Never mind the tiny detail that True itself bid the most in the December auction, even more than Jas, and is arguably in the same boat as Jas - True still has not secured funding for the mammoth 75-billion baht ($2.1 billion) auction bill yet. True’s banker, Siam Commercial Bank, announced it had approved the loan but it had exceeded Bank of Thailand single-lender rules and hence the matter now rests with the banking regulator as to whether to allow the loan. Jasmine’s banker, Bangkok Bank, however still has not even decided whether to grant the loan or not.

That has not stopped the two bank’s research arms issuing warm, fuzzy statements about their clients’ prospects though which has been duly echoed in mainstream media.

The regulator, the National Broadcasting and Telecommunications Commission, has not helped with its negative messages. Just days after the first installment was due, NBTC commissioner Doctor Pravit Leesathpornwongsa suggested that Jas’ licence might be offered to runner-up AIS instead if it fails to pay.

More recently, NBTC secretary-general Takorn Tantasit said earlier in the week that he was confident both True and Jas would pay as the auction terms were watertight and neither could risk losing their existing NBTC licences (Jas is a major fixed line broadband player under its 3BB brand). Yesterday though, Takorn shifted a gear and said that any re-run of the auction would start at Jas’ final bid of 75 billion baht and Jas would be responsible for the costs of the auction, roughly 50 million baht last time. If nobody bid for it, then the spectrum would be shelved for a year until it is auctioned again.

At this juncture, I sensed a disturbance in the force. As if a million palms suddenly landed on foreheads.

As Allan Rasmussen from telecoms consultancy Yozzo nicely summarised, “The NBTC is taking no responsibility whatsoever”.

  • Who drafted the auction rules and left this big hole?
  • Who is leaking stories that Jas might not be able to pay?
  • Who changed the value of 900 MHz by giving 4G to everyone before and after the auction?
  • Who pronounced success and money to the state coffers before the bear was shot?

Before the auction the landscape looked bleak. Other than more 1800-MHz spectrum when Dtac’s concession ended in 2018 there was no clear spectrum roadmap. Consequently the bid was high due to scarcity.

Now that the auction is finished, the regulator and ICT Ministry have been busy giving 4G spectrum and networks as well as taxpayer cash to everyone. CAT got 20 MHz of 1800 (which is supposed to be returned in 2018, so either they can break even in two years or they know they will get the spectrum gifted to them when Dtac’s concession expires) and will of course need a partner (which looks likely to be Dtac).

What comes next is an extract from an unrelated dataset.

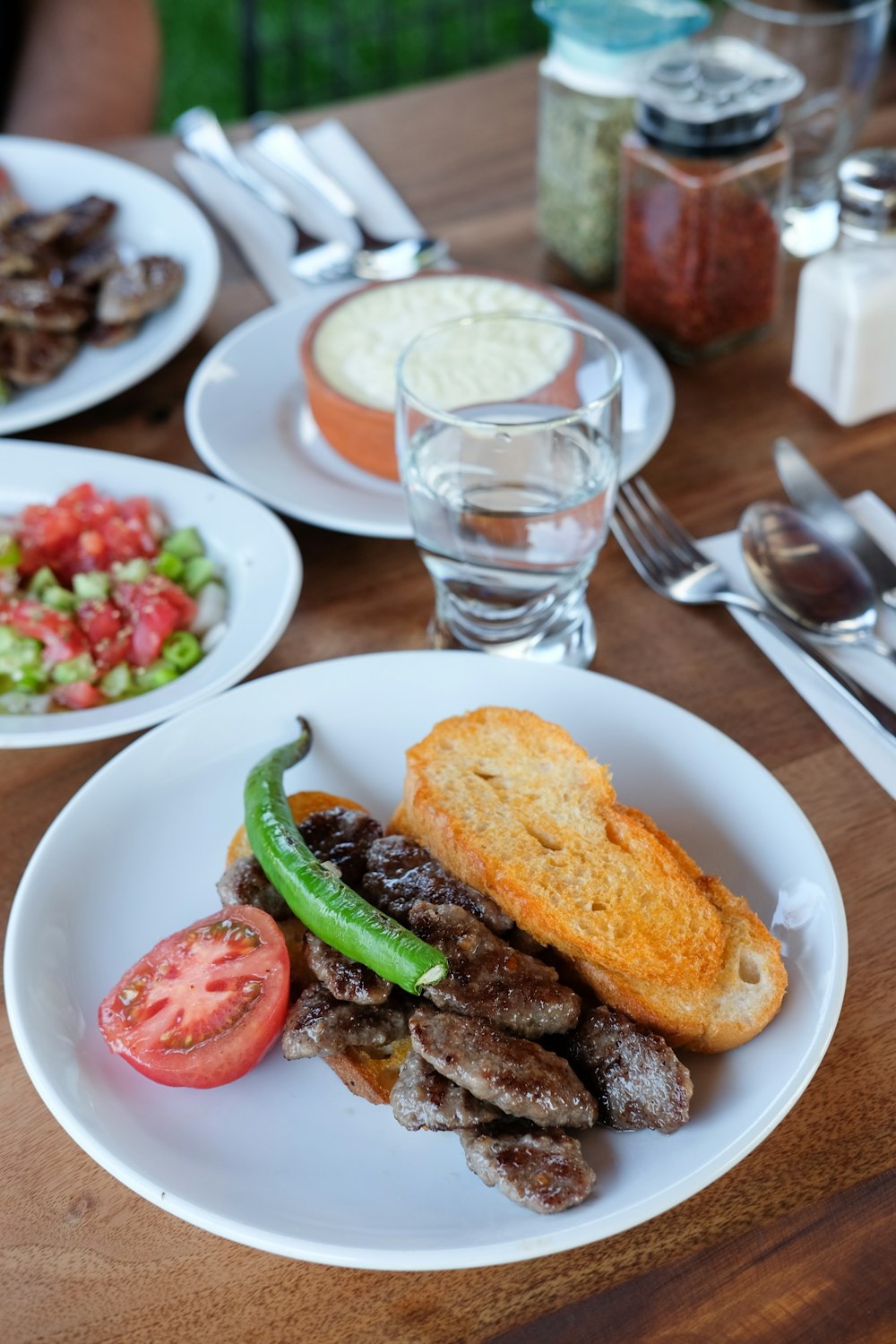 bread with meat, sliced tomato, and green chili on plate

CAT also got permission and cash from the MICT to upgrade “its” 850-MHz 3G network to 4G. Yes, that one that was accidentally rolled out without a licence and the one that is under both national anti corruption commission and auditor general investigations for corruption.

TOT/AIS got back into bed with each other. AIS was to become TOT’s strategic partner (again) and TOT’s skeletal 2100-MHz 3G network would be developed and AIS would be an MVNO on it taking up 80% of TOT’s capacity mirroring the above-mentioned CAT-True 850-MHz deal.

The NBTC also announced that MCOT would return 2600 from broadcasting and announced a new auction for three more licences next year.

In other words, after the auction ended, the NBTC and MICT have opened the floodgates and suddenly paying 75 billion for just 10 MHz of spectrum looks very, very silly indeed. But not paying, if the letter of the law is followed, is unlikely to be an option for True. Of course, there is always Article 44 of the constitution - the absolute power clause yielded by the junta leader General Prayuth Chanocha. One wonders if it will get that far.